──────── Data extract ────────

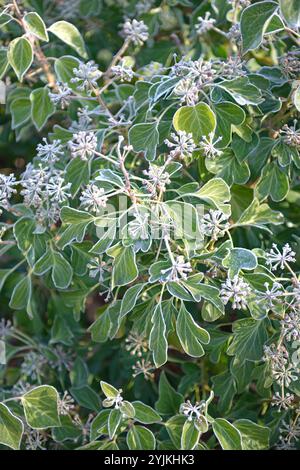 Strauch-Efeu, Hedera helix Arborescens, Bush ivy, Hedera helix arborescens, Foto Stock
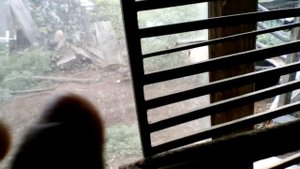 Отзыв о Цифокс. Как действует препарат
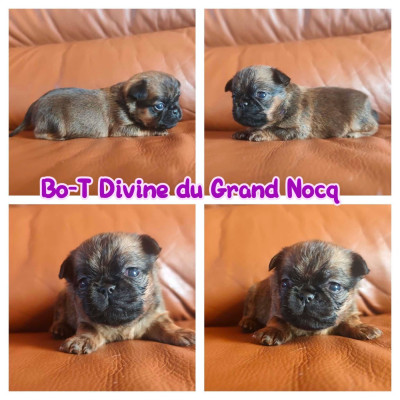 Les chiots de Petit Brabançon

────────

* [Task item]: Reproduce the data above in full, exactly as it is, with the pictures left out.

* [Result of this task]:
 Strauch-Efeu, Hedera helix Arborescens, Bush ivy, Hedera helix arborescens, Foto Stock
 Отзыв о Цифокс. Как действует препарат
 Les chiots de Petit Brabançon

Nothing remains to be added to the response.